Doubt feels your every breath on days like today. The air even agrees as it all comes together to create a storm, I just sit here and wonder if I'm becoming who I'm meant to be or if this big hype is just a flake, like a bad case of pretending. Sitting here I wonder if I'm pretending to be someone I'm not, or if I am like Bob Dylan.- Lost in a sea of faces, different sides to one person, and I am only working on one side of that. Moving constantly back and forth from my past self to my future self, unsure what grounds to stand on I struggle to solve the puzzle that is me. I want to be this, or at least I think I want to. Am I an artist, a scientist, a hippie child, poet, writer, am I even a religion? Do I really want to be who I am? Who I've been taught to be all these years, or am I just fooling myself? I don't doubt the power of the almighty and know he has purpose for me and for all that is yet to come, I just sit here caught in a swirling pool of ideas, thoughts and dreams.- a dreamer lost seeking the way to go. lights shine on pathways I must take or could choose not to take. It's like Dylan said, I wake up one person and go to bed another.- each day that passes brings on a different part of me, the organizer, the sloppy, the artist or the scientist. I keep on hold of the branch to the tree I day dream from, hopping that soon my feet will find the solid ground beneath or that I will gain the strength to pull myself to higher grounds.
Notes from the past week in my preallopathic life:
* I can't volunteer this summer.- training would start mid july and I'd only work at that hospital for a month- they spend $300 training volunteers and can't just send me to a sister hospital because they would be paying out of they're own budget and wouldn't be benefiting from it for longer than a month.
* I've been reading, listening and watching almost anything and everything medical I can get my hands on
* I love driving by or just parking in the hospital parking lot. - dreaming.

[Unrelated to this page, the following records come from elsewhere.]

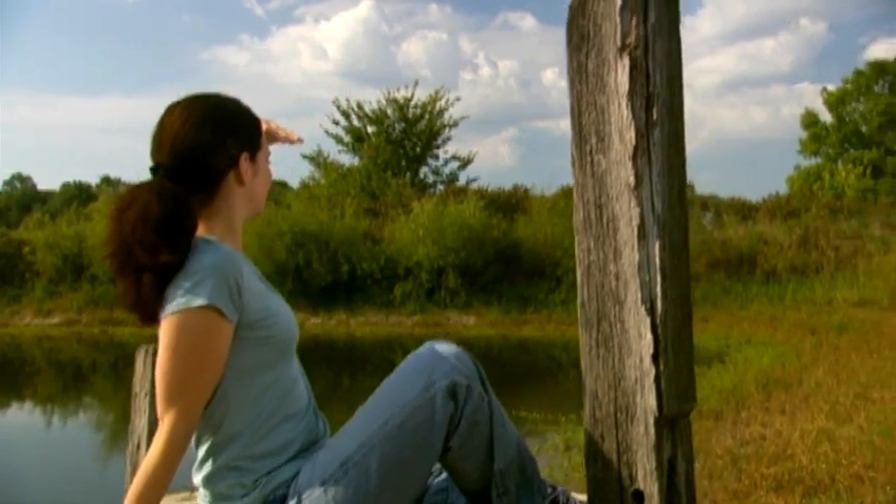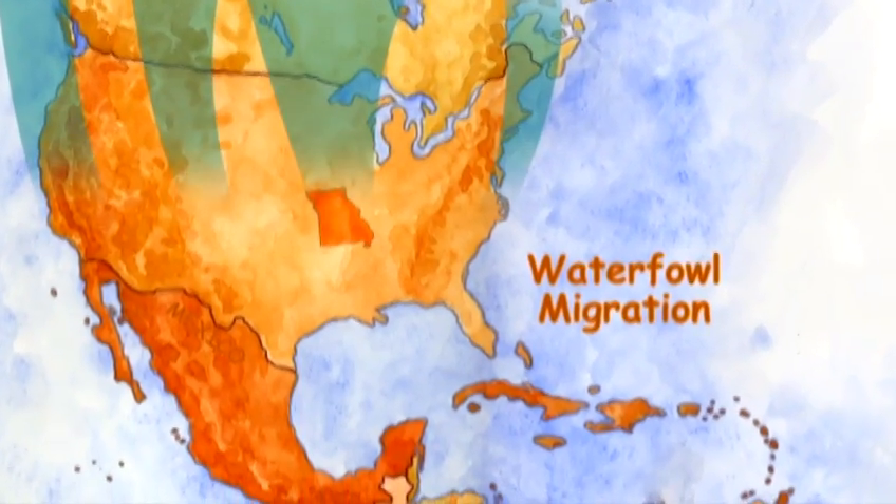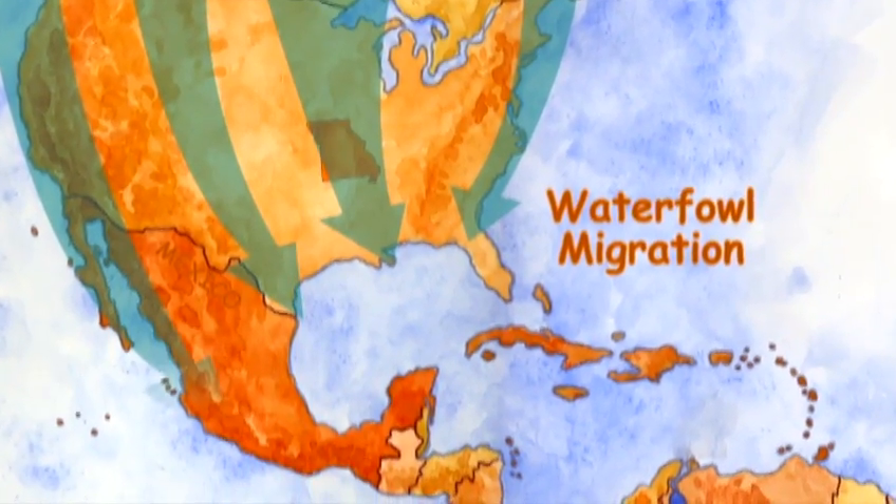What do you think of when you hear the word migration? I know what I think of: geese. We're all aware of the waterfowl migration that passes overhead every spring and fall.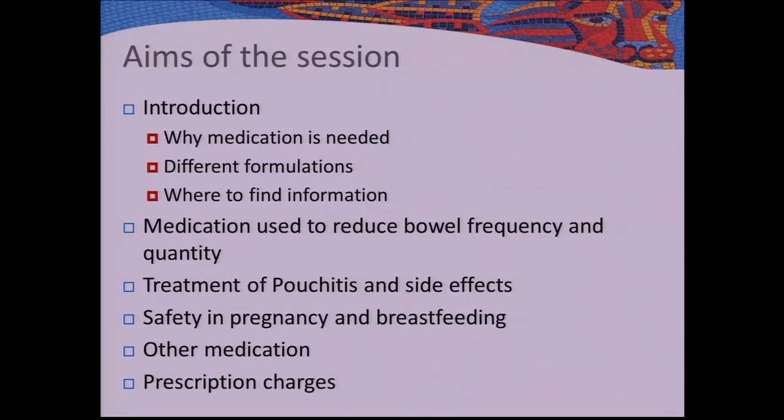The aims of this session are to provide an introduction — why you need medication, some of the different formulations you might come into contact with and why those are appropriate in different circumstances, where to find information and support, medications used to reduce bowel frequency and quantity, treatments for pouchitis and their side effects, safety in pregnancy and breastfeeding, other medications you might encounter during your pouch journey, and prescription charges and how to save money.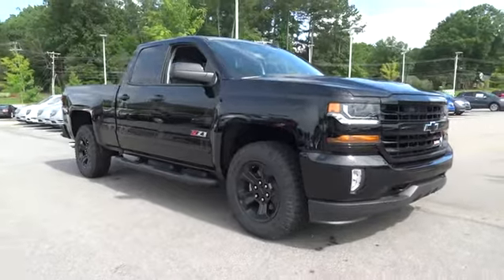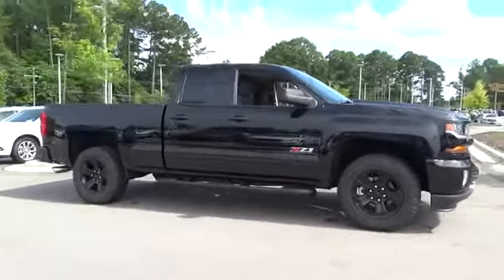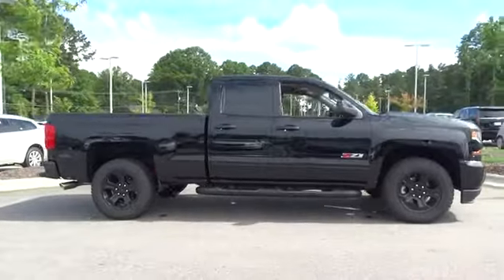The 2017 Chevrolet Silverado 1500. Here are some of this vehicle's great options.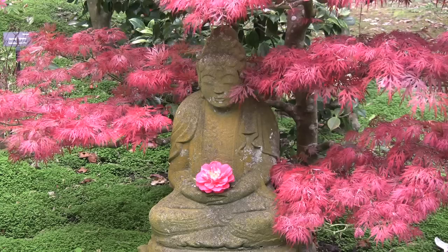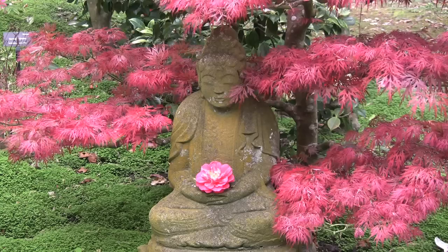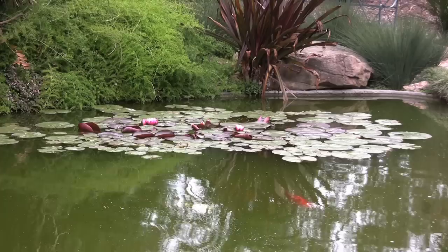Don't miss the peaceful Japanese garden, filled with delicate maples, pines, and camellias. Or the ancient cycad garden, which has three of the world's rarest specimens perched above the koi pond.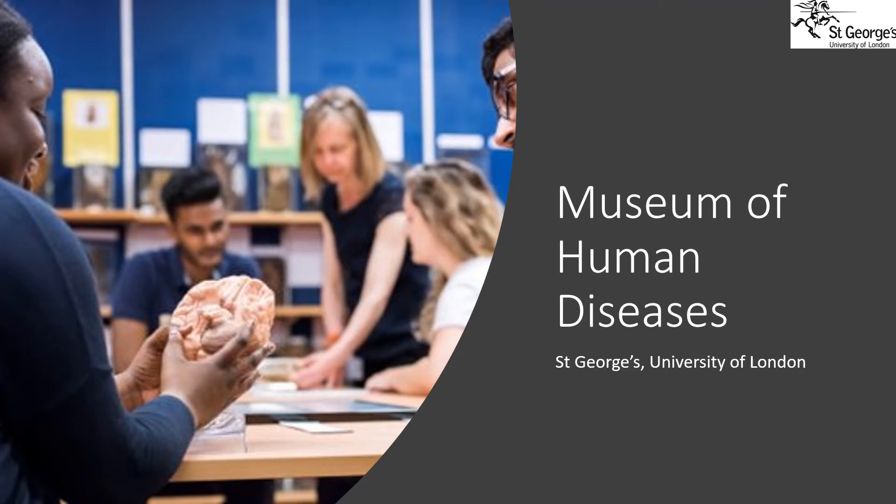Hello and welcome to this short introduction to the Museum of Human Diseases at St George's. I'm Carol Shields and I'm the museum curator. In this talk I'm going to tell you a little bit about the history of the museum and also share some of the stories of the museum with you.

* i watch med shows every night or listen to reach md as I drift into sleep.
Sometimes it's like O-d\ing on it all, wearing you down until you pass out from too much. The pulse of the dream increases rapidly and then drops into nothing and I'm left coding trying to fight for that bit of life left in the dream before I get lost in the swirling pool of ideas again.
I know my life seems dark through the eyes and words I leave behind here, and I know that it all gets tiresome sometimes, but believe me when I say I'm ok, I live an amazing life and couldn't want anything more, but we all must understand that sometimes the heart of life becomes dark and we just need to escape into the sea of unspoken words. Let them spill on to the page before us and take life somewhere outside of our being so we can at least be free of the slavery they have wrapped our thoughts in.